The film’s director, George Stevens, served in the army during World War II and headed a war film unit. His team made shots of the liberation of Paris, and the meeting of Soviet and American forces on the Elbe. Stevens was part of a group of camera operators who accompanied then-General Dwight D. Eisenhower during the liberation of Dachau.

Group portrait of the defendants in the Dachau war crimes trial.

The chilling chronicles shot in Dachau served as evidence during the Nuremberg trials, and George Stevens was one of those who shot this movie for the tribunal.

“Inglourious Basterds”

US

2009

The 2009 war movie directed by legendary director Quentin Tarantino won one Oscar (it received eight nominations), a “Golden Globe”, and a few other awards, most of which went to one actor, relatively unknown in the US at the time - Christoph Waltz.
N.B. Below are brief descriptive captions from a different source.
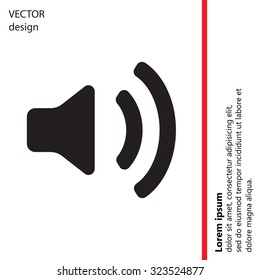 Volume high icon. vector design.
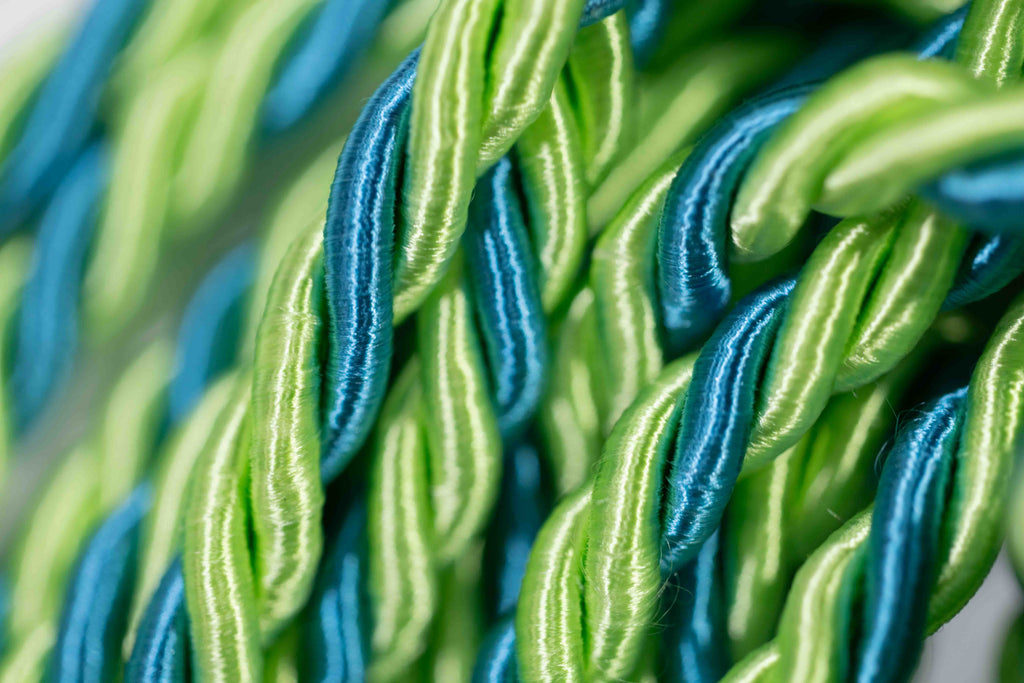 LIME GREEN, LIME GREEN, MING BLUE GRADUATION CORD, HONOR CORD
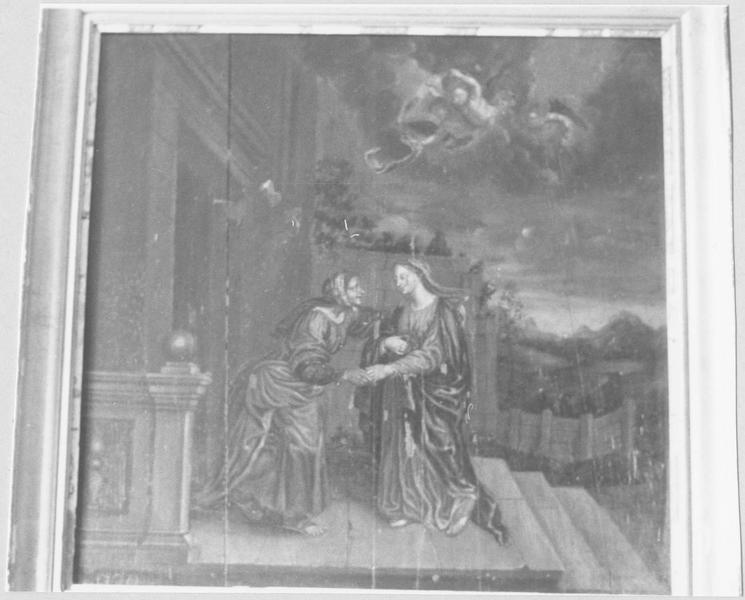 tableau : la Visitation, vue générale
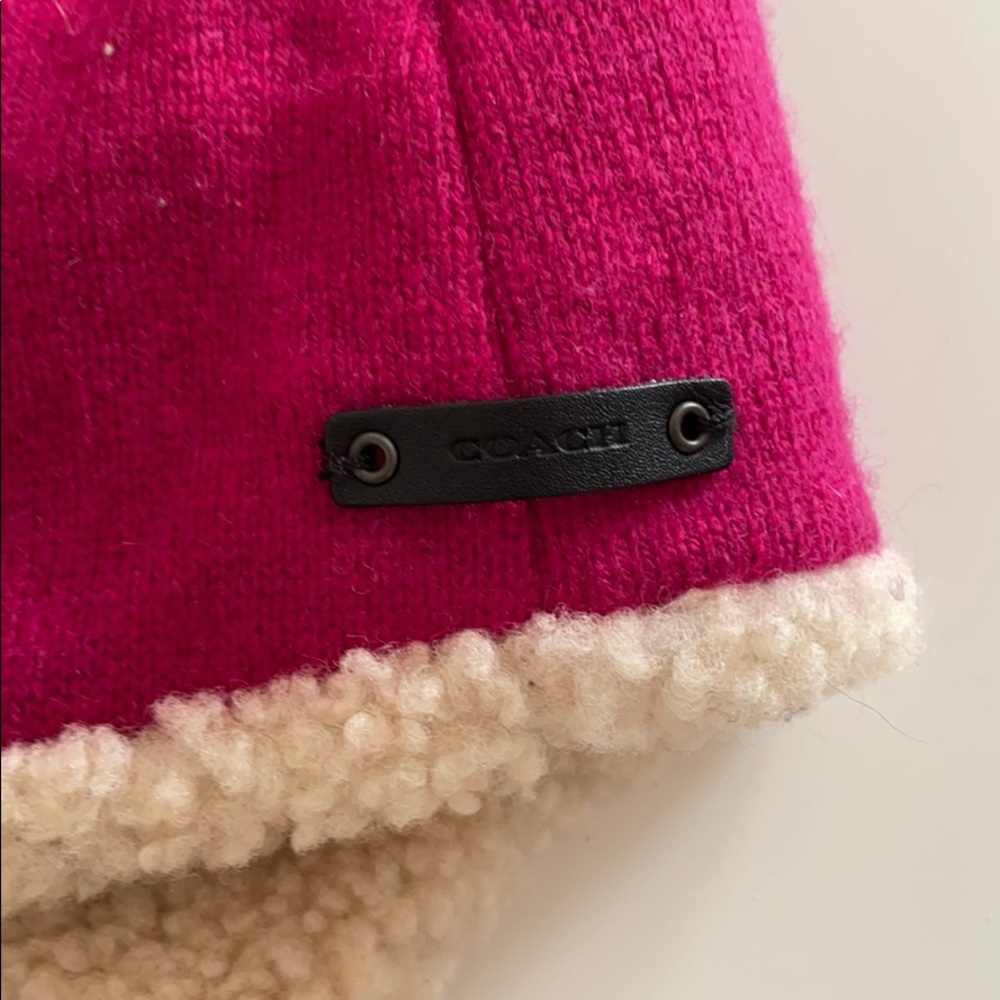 Coach Women’s Sheepskin Hat - Picture 7 of 7
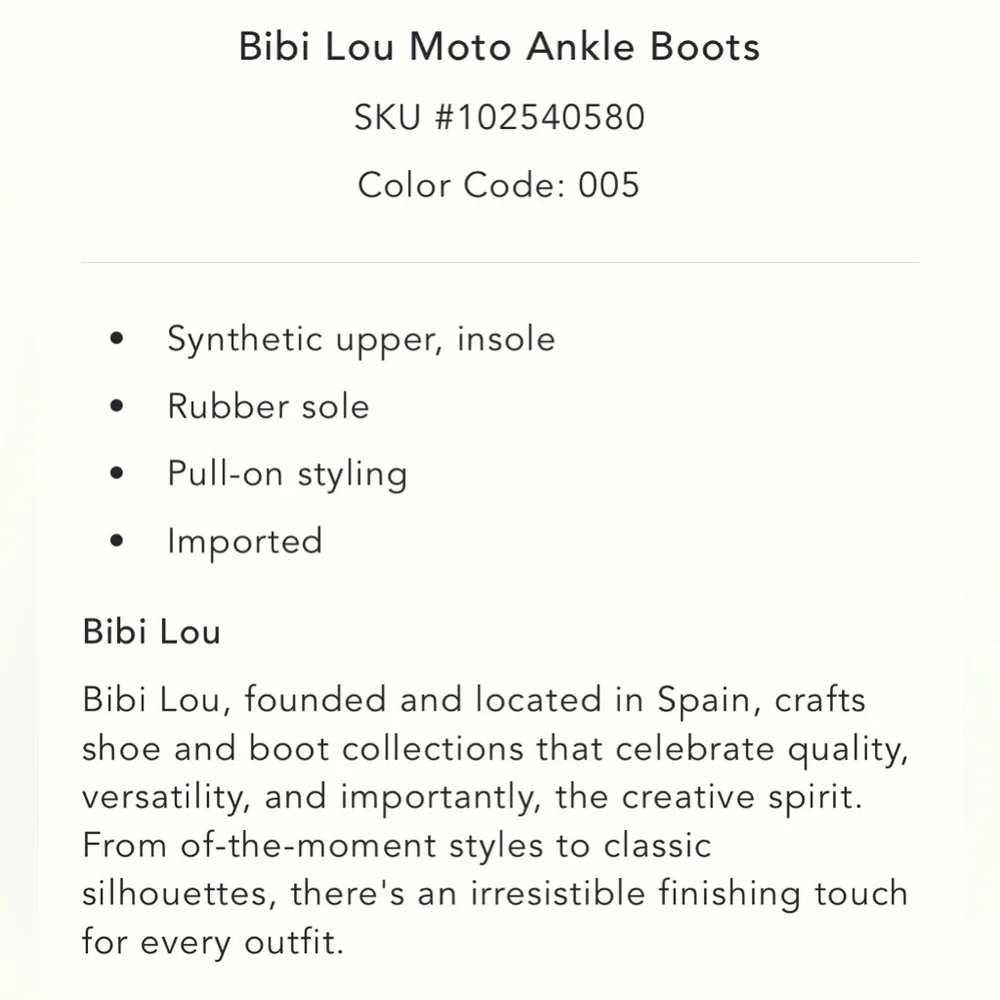Anthropologie Bibi Lou Moto Ankle Boots - Picture 4 of 4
At the centre of the plot is a purely fictional story. In occupied Paris, there is a special group of Jewish terrorists-avengers who kill Nazis.

One of them, a professional “hunter of Jews” (Waltz’s character), tries, having conducted a spate of atrocities before that, to get into contact with the US command via the Jewish fighters, and promises to kill all Third Reich’s top brass, including Hitler.

Tarantino recounted how he had cherished the idea of a war drama for many years.

This movie of his failed to become a real hit, but it revealed exceptionally talented Austrian actor Christoph Waltz to the world. The latter instantly became a real star, with roles and awards pouring in profusely.

Waltz even played Mikhail Gorbachev in the movie “Reykjavik”, dedicated to the negotiations between the Soviet president and Ronald Reagan in 1986.

Today, Waltz is again starring in a movie about the Holocaust. He was offered a role in the screen adaptation of a grotesque novel about an SS officer and murderer of Jews, who after the war declared himself a Jew by religion and emigrated to Israel.